Pendidikan, Pemimpin, dan Kemajuan Bangsa

ILUSTRASI Pendidikan, Pemimpin, dan Kemajuan Bangsa.-FOTO MAULANA PAMUJI GUSTI/HARIAN DISWAY -

Selain itu, mereka mampu menciptakan lapangan pekerjaan bagi orang lain sehingga  menjadi penggerak ekonomi dan  mengurangi pengangguran.  

Jiwa kewirausahaan, selain bisa diajarkan di lingkungan keluarga, juga bisa dibentuk dengan menanamkan jiwa kewirausahaan saat menempuh pendidikan. Sejak 2013, pendidikan kewirausahaan telah dimasukkan ke kerikulum pendidikan nasional. 

Dengan cara itu, setelah lulus, mereka diharapkan bisa membuka wirausaha secara mandiri maupun secara kelompok, tidak hanya bergantung kepada pada satu cara hidup, yaitu dengan menjadi pegawai negeri atau buruh industri. 

Selain itu, warga negara harus dididik agar menjadi warga yang cerdas dalam berkehidupan, seperti yang tercantum dalam Pembukaan UUD 1945. 

Apa yang dimaksud mencerdaskan kehidupan bangsa tentu bukan semata-mata mereka mengenyam pendidikan sekolah sampai universitas atau bahkan doktor. Tetapi, lebih kepada kesadaran menjadi warga negara yang paham akan kondisi negara dan bangsanya serta tujuan yang akan dicapai dan bagaimana cara mencapainya. 

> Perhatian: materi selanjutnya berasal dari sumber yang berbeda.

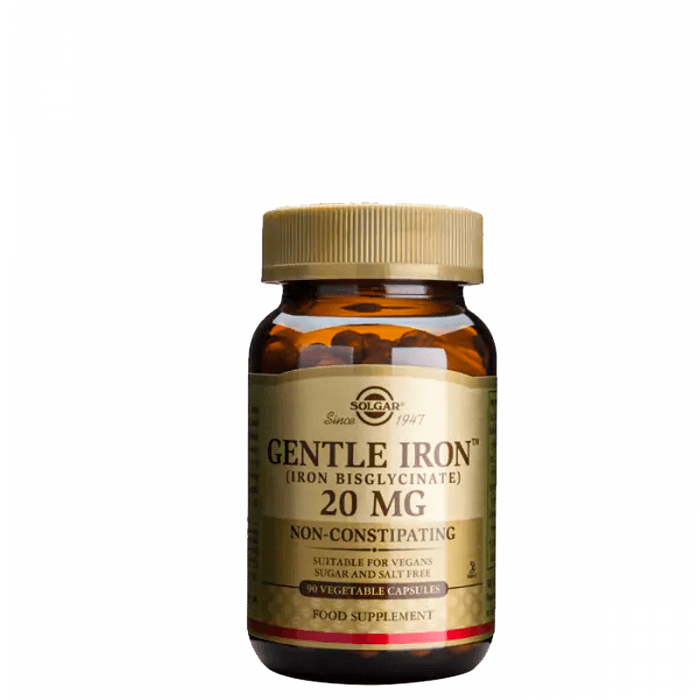 Solgar Gentle Iron 20 mg, 90 kapslar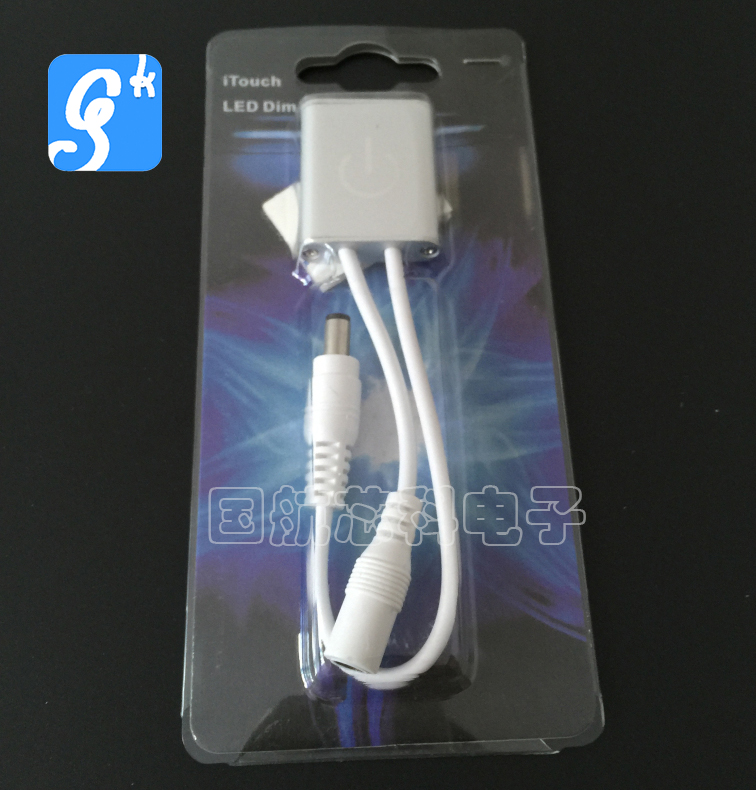 LED light with touch switch Mini online dimmer DC12V-24V monochrome controller brightness adjuster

Warga negara yang seperti itu sebenarnya sudah menjadi tujuan dari pendidikan. 

Hal tersebut bisa kita lihat dalam UU Sisdiknas Nomor 20 Tahun 2003 yang menyebutkan bahwa tujuan pendidikan nasional adalah menghasilkan insan yang beriman dan bertakwa kepada Tuhan YME, berakhlak mulia, mandiri, sehat, berilmu, cakap, kreatif, mandiri, dan warga negara yang demokratis serta bertanggung jawab.

Penekanan kepada warga negara yang demokratis dan bertanggung jawab mengindikasikan bahwa warga negara harus memiliki tanggung jawab terhadap tercapainya tujuan negara dengan ikut berpartisipasi dalam menentukan kebijakan. 

Beberapa bentuk partisipasi tersebut adalah memilih pemimpin melalui pemilu dan ikut menyumbangkan gagasan atau pemikiran dalam perumusan kebijakan. 

Dalam demokrasi, perbedaan pendapat, gagasan, maupun konsep memang tidak dilarang, tetapi harus disertai sikap mau menerima dan menghargai perbedaan. Demokrasi harus dilandasi etika dan kejujuran untuk mewujudkan tujuan bersama. 

Dengan demikian, jika ada perbedaan pendapat, harus dicari titik temunya, tidak dengan memaksakan kehendak. Jika ada perbedan gagasan, harus dicari mana yang lebih baik  melalui dialog, tidak dengan cara saling menyalahkan.  

Para pendiri negara dalam sidang BPUPKI telah memberikan contoh bagaimana berdemokrasi yang beretika. Mereka berdebat secara keras dan tajam, saling beradu konsep dan argumentasi, tetapi tetap kritis, rasional, dan objektif dalam menyikapi perbedaan pendapat. 

Konsep dan gagasan mereka juga ditujukan untuk kepentingan bangsa dan negara, bukan untuk kepentingan diri sendiri, kelompok, atau golongan. Kepentingan bangsa dan negara mereka letakkan di atas kepentingan pribadi maupun golongan.

Keteladanan seperti yang dicontohkan para pendiri negara dalam adu gagasan dan penyampaiannya serta bagaimana  mereka menyikapi perbedaan pendapat saat ini mulai pudar dari kehidupan berbangsa dan bernegara kita. 

Saat ini perbedaan pendapat sering dimaknai sebagai perlawanan yang harus disalahkan. Cara berpikir diagonalistik yang melihat perbedaan sebagai suatu yang kontradiksi telah membudaya di kalangan masyarakat, termasuk di kalangan elite.